04.02.2021: Added Multiprocessing for training speedup
26.01.2021: Added Scenario Tasks: generate your own scenario by specifying a scenario.json

Documentation & References

How to use flatland: http://flatland-simulator.readthedocs.io
ros navigation stack: http://wiki.ros.org/navigation
pedsim(will be integrated): https://github.com/srl-freiburg/pedsim_ros
Full documentation and system design is released this week

1. Installation

Please refer to Installation.md for detailed explanations about the installation process.
If you want to use Docker, please refer to our Dockerfile

2. Usage

DRL Training

Please refer to DRL-Training.md for detailed explanations about agent, policy and training setups.

2.1 Test the simulation environment and task generator

In one terminal, start simulation.
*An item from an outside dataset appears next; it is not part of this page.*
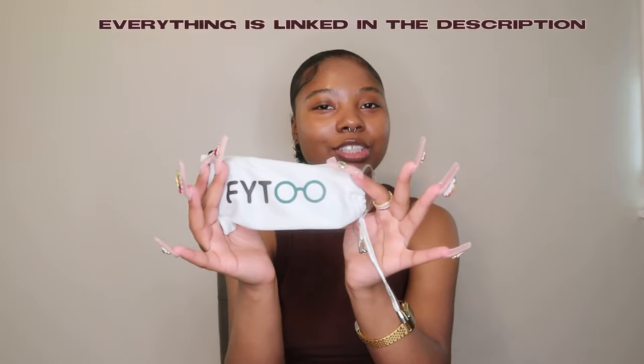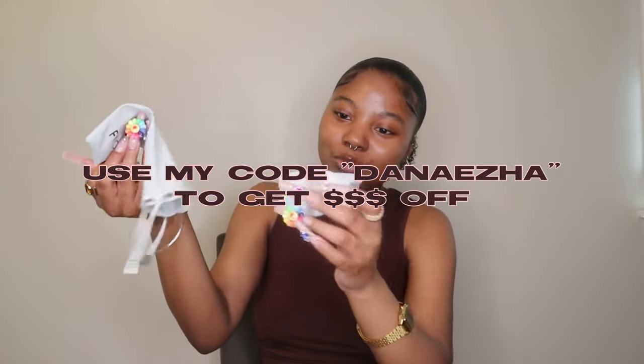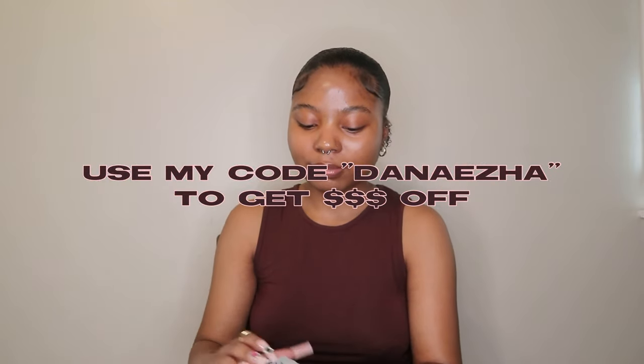The glasses come in these cute little bags with the Fight2 logo on them. They also came in a plastic bag wrapped in plastic wrap, and each pair also comes with its own individual cleaning cloth.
You can specify the following parameters:
- train_mode:=<true, false>
- use_viz:=<true, false> (default true)
- local_planner:=<teb,dwa,mpc,cadrl,arena2d> (default dwa)
- task_mode:=<random, manual, scenario> (default random)
- obs_vel:= # maximum velocity of dynamic obstacles [m/s]. It is recommended to set a max velocity within [0.1,0.7] (default 0.3)
- map

roslaunch arena_bringup start_arena_flatland.launch train_mode:=false use_viz:=true local_planner:=dwa map_file:=map1 obs_vel:=0.3

Now you can click on the generate task button in rviz to generator a new random task (random obstacles and goal is published to /goal). It will automatically navigate to that goal, once you start one of our local planners, which are triggered by a new /goal. If you starte with task_mode "manual" you can specify your goal using the specify Flatland Navigation goal (using normal 2D navigation goal will trigger the move_base planner, thus only works with teb and dwa)
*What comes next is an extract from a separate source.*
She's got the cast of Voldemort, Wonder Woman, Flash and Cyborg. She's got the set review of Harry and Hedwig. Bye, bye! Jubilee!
Run Arena2D models in Rosnav

start simulation as above, then navigate to the folder arena-rosnav/arena_navigation/arena_local_planner/learning_based/arena_ros/scripts/ and execute arena_node_tb3.py

python arena_node_tb3.py

2.2. [Quick start] start simulation env & plan manager

roslaunch arena_bringup start_arena_flatland.launch  train_mode:=false

start_flatland.launch will start several other sublaunch files and some neccesary ros packages:

start simulator node: start flatland, load robot model
start map server node: load map, which will provide occupancy grid used for mapping functions later
start fake localization: which will provide static tf map_to_odom, in order to have localization of the robot.
start task generator node: which provide task generation service for rviz_plugin(Generate Task)
start plan manager node: provide manager for robot state estimation, mapping, global planner and local planner, which is the key for navigation framework. The move_base is contained, because currently we need its global_planner and mapping functions, later they won't be needed.
/train_mode/:

if true, the simulator(flatland) will provide a step_world service and the simulator will update its simulation when he receives a step_world service request.
if true, the plan manager will generate subgoal topic always as goal(global goal) topic.
if false, you can also use move_base action triggered by rviz_plugin button 2D Navigation Goal.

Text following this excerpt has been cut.